The task. Before returning the data, strip out the pictures and keep everything else exactly the same.

Given data.
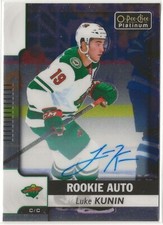 2017-18 O-Pee-Chee Platinum Rookie Autographs #RLK Luke Kunin Minnesota Wild
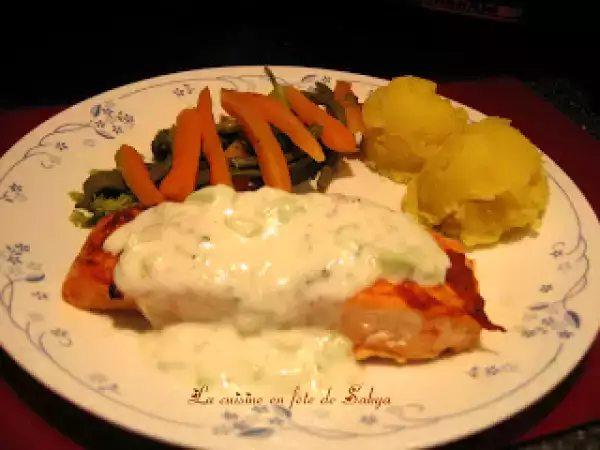 Recette Filets de saumon au gingembre, sauce au yogourt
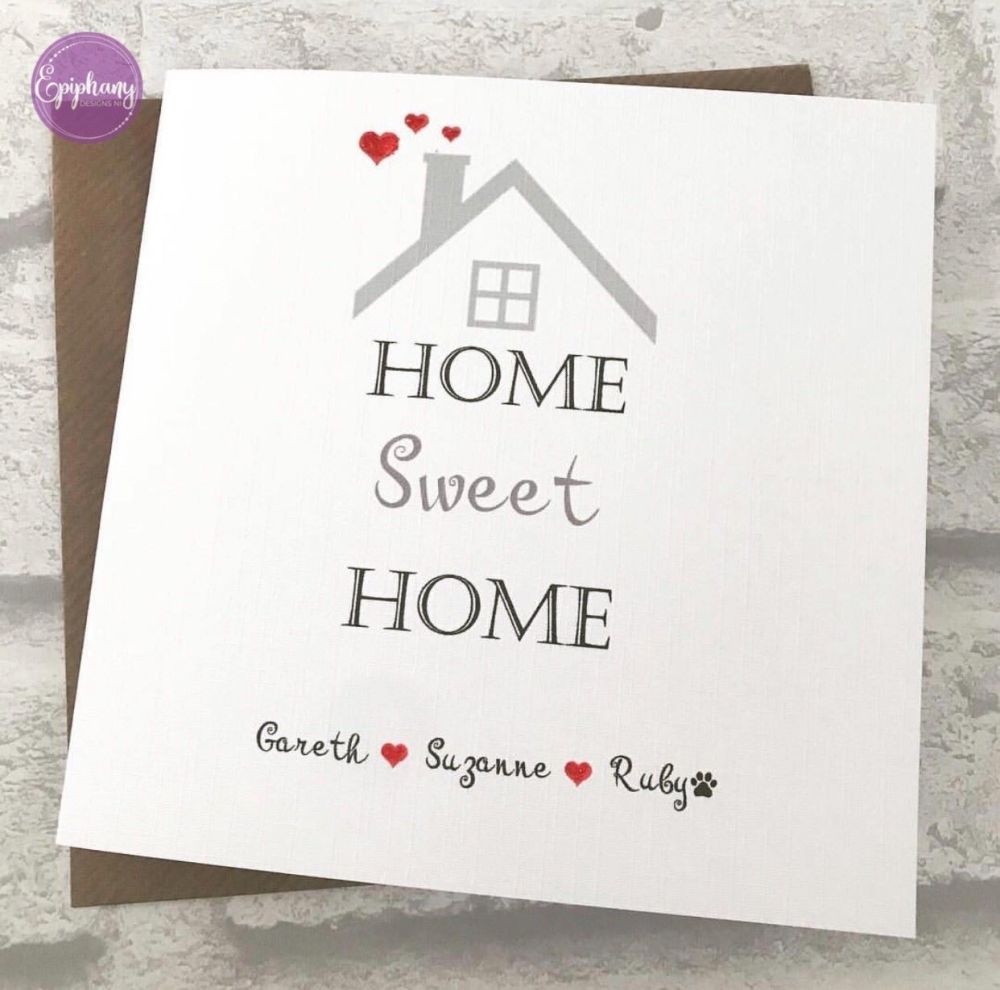 New Home Card Personalised "Home Sweet Home"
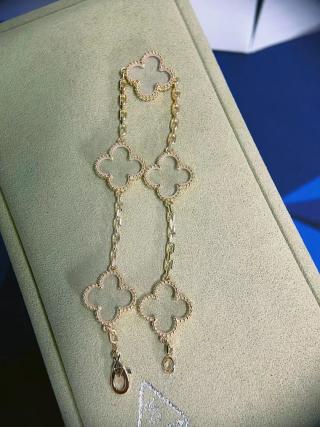 Van Cleef & Arpels clear crystal five-motif Alhambra bracelet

Answer area.
 2017-18 O-Pee-Chee Platinum Rookie Autographs #RLK Luke Kunin Minnesota Wild
 Recette Filets de saumon au gingembre, sauce au yogourt
 New Home Card Personalised "Home Sweet Home"
 Van Cleef & Arpels clear crystal five-motif Alhambra bracelet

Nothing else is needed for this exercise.